Sunday Scripture: The Lord is our hope
Wednesday, September 15, 2010
By Sister Betty J. Lillie, S.C.
Twenty-Sixth Sunday in Ordinary Time: Amos 6:1a, 4-7; Psalm 146:7-10; 1 Timothy 6:11-16; Luke 16: 9-31
As the summer wanes and we all would like to sit back and rest, we are challenged by readings that deal with some heavy teachings in which Jesus had instructed His disciples. Just before the beginning of our Gospel text we have a theology of history advanced by some Christians who acted in a pharisaic mentality.
They believed that a convenient way to get around the law and the prophets was to hold that when John the Baptist came, the former teachings ended and their content was no longer valid. What took their place was the good news of the kingdom of God (Luke 16:16).

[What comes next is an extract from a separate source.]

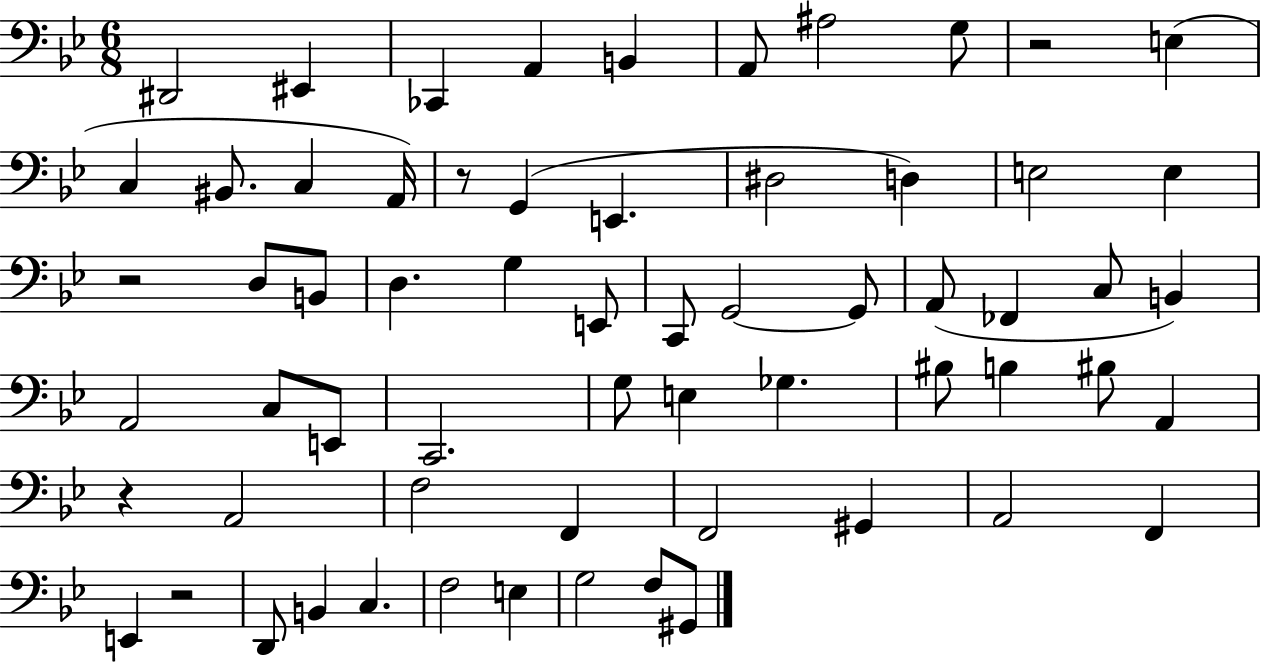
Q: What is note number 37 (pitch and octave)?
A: E3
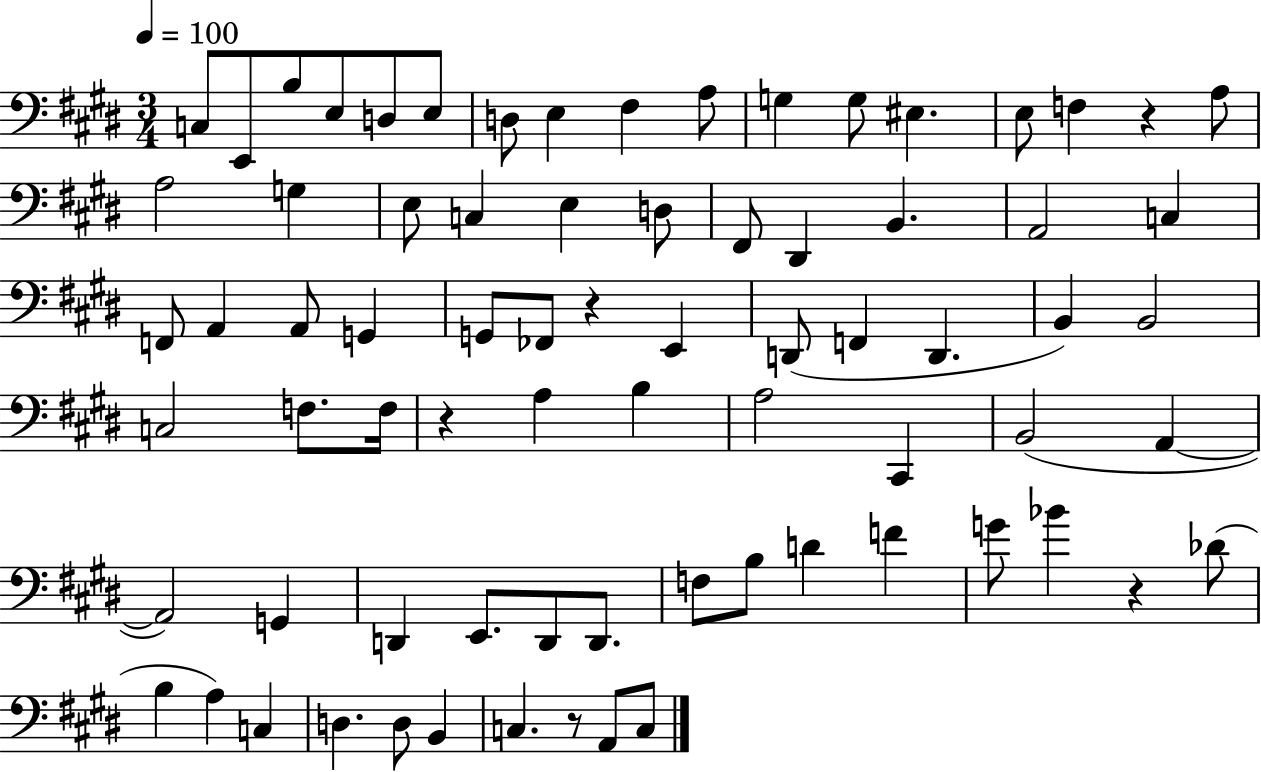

However, Jesus did not come to abrogate God’s law. He tells them that it would be easier for heaven and earth to pass away than for one letter of the law to become void (Luke 16:17). Their legalistic maneuver was an abomination in God’s sight.
Luke then follows up with another story about the contrast between the life of a rich man and the suffering and need of a poor man. It is not known whether the event actually happened or whether it was simply a story to illustrate a moral deficiency in the social structure. The unnamed rich man was called Dives, which is Latin for rich man, and Lazarus is not to be confused with the brother of Mary and Martha of Bethany.
The core of the story is that Dives did not repent in his lifetime of his profligate lifestyle, but Lazarus was carried to Abraham’s bosom. This is another way to work around the theme of the judicious use, or not, of temporal resources.
If a person would rather look at a narrative with more of an historical base, then we might go to our first reading from the Prophet Amos. That prophecy stands at the historical time point of the impending fall of the Northern Kingdom of Israel to Assyria in 722-721 BCE.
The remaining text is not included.